Hello, I am Jonny Williams, a multi-faceted graphic designer from Salisbury. I enjoy exploring the new and different contexts in which graphic design can present itself; always looking to create outcomes that challenge design norms.

Over the course of my studies I have developed a fascination with typographic and editorial design – this emanated from entering the 2020 ISTD competition and creating my own interactive editorial piece for my final major project on Xinjiang’s oppressed Uighur Muslims. The latter has encouraged me to consider the potential power of social design and how we can use our practice to bring about positive change.

Paradiso
– Canto XXXIII

ISTD
Editorial Design

My typographical interpretation of Dante Alighieri’s Paradiso – Canto XXXIII, in order to help the chapter reach a new audience, for the 2020 ISTD competition. For many young readers, approaching the Divine Comedy for the first time can be intimidating; with the text navigating complex conceptual themes, using language and translations which have fallen out of use in the common lexicon. My interpretation of the final chapter of the trilogy’s last book, Paradiso, hopes to bridge this divide, attracting readers who have been previously discouraged by the text, and consequently with the Divine Comedy as a series.

In developing my interpretation, one of the key factors in making the text accessible was achieved by organising the rigid, triplet-style writing into a more familiar sentence and paragraph structure. I have also provided annotations to help demystify the poem’s challenging narrative and references to classical literature. I focused upon themes of ascension, light, and the symbolism of the circle to portray the essence of the story. The work is supplemented by augmented reality to bring the chapter and these themes to life while also helping to rationalise the highly conceptual nature of the text to a new audience in a contemporary manner.

I focused upon themes of ascension,
light, and the symbolism of the circle
to portray the essence of the story.

A cultural genocide is occurring in
Xinjiang, under the guise that the
government is fighting religious
extremism.

A People Destroyed

Final Major Project
Exhibition Design

‘A People Destroyed’ is an interactive exhibit that endeavours to construct a narrative of the ongoing plight of China’s Uighur population underneath a brutal and authoritarian regime, in Xinjiang province.

The Chinese Communist Party is currently perpetrating one of the largest humanitarian crises in the modern world, as millions of ethnically Turkic Uighur Muslims, Kazakhs, and other minority groups face persecution based on their faith and culture.

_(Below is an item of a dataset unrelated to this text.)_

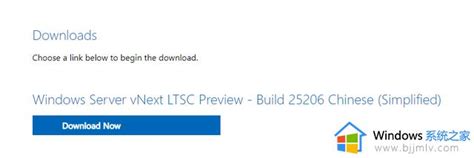 微软 Windows Server Ltsc 预览版 25217 的 Iso 镜像开放下载微软资讯 Windows系统之家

A cultural genocide is occurring in Xinjiang, under the guise that the government is fighting religious extremism. Due to China’s power and huge economic influence, this continues to be a story that has been supressed across the world’s media. The province has rapidly developed into a police state shrouded in secrecy.

This exhibit intertwines the narrative promoted by China with the far grimmer reality exposed through personal accounts and party leaks. The user must navigate a variety of newspaper-style spreads to discern the truth from President Xi Jinping’s propaganda and the actuality of events to create a ‘bigger picture’ of the crisis. My aim is to tell the concealed story of these oppressed people and to show a physical manifestation of confusing and contradictory media rhetoric and propaganda.